This tutorial covers how to compile and run a MapReduce Version 2 (MRv2) job written in Java using Hadoop. All the code and some of the commands used in this tutorial are derived from the Map-Reduce Part 2 — Developing First MapReduce Job section from the Hadoop Tutorial: Developing Big-Data Applications with Apache Hadoop by coreservlets.com.

Note: I’m running Hadoop 2.3.0 in the following Cloudera QuickStart VM: a VMWare virtual machine of the Cloudera Distribution Including Apache Hadoop (CDH) version 5.0 last updated on 02 Apr 2014. I’m running this virtual machine in the following VMWare Player: VMware Player 6.0.2 build 1744117 released on 2014-04-17. My host machine is the first version of the Microsoft Surface Pro tablet running Windows 8.1 Pro (64-bit).

Prerequisites:

A properly configured installation of Hadoop 2.3.0 (including all dependencies) … good luck! ;-)

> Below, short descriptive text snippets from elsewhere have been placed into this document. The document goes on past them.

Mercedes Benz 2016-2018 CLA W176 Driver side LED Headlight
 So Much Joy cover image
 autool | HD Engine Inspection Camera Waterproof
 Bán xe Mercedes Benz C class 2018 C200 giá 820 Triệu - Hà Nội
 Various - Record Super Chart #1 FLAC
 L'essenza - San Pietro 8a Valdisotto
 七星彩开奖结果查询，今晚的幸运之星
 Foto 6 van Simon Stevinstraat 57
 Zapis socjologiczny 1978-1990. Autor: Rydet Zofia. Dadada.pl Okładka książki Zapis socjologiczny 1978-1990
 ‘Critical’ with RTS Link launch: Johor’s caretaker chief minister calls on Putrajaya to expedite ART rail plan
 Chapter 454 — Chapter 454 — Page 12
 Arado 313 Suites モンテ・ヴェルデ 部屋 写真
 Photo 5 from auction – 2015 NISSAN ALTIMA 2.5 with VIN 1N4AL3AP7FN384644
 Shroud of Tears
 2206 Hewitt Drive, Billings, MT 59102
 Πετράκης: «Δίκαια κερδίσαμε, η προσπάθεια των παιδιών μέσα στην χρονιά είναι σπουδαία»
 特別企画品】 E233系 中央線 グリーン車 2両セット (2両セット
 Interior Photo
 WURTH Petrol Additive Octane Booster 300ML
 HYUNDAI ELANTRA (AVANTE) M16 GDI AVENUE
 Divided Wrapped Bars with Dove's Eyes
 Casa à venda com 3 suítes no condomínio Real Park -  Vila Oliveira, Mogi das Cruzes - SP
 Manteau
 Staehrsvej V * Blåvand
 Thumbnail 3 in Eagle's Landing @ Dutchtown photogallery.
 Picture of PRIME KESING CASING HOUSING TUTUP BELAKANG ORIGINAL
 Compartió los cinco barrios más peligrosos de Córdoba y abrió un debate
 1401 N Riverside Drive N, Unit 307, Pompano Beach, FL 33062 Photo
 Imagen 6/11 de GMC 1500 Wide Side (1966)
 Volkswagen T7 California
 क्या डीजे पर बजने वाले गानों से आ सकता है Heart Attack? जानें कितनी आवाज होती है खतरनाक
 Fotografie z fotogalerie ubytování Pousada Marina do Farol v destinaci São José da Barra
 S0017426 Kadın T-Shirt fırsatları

A 64-bit operating system, such as Windows 8.1 Pro (64-bit), that can run VMWare Player 6.0.2.
(free) VMWare Player 6.0.2 for 64-bit operating systems.
(free) A Cloudera QuickStart VM of CDH 5.0.

Outline:

Note: In order for you … and me (when I come back to this procedure) … to figure out where we are in the local file system, each step in the procedure starts with a call to cd.

Procedure:

(Optional) Format the Hadoop Distributed File System (HDFS).

This step doesn’t need to be done if we’re using the CDH 5.0 Cloudera QuickStart VM; however, I’ve included this step if we’re using our Hadoop installation for the first time.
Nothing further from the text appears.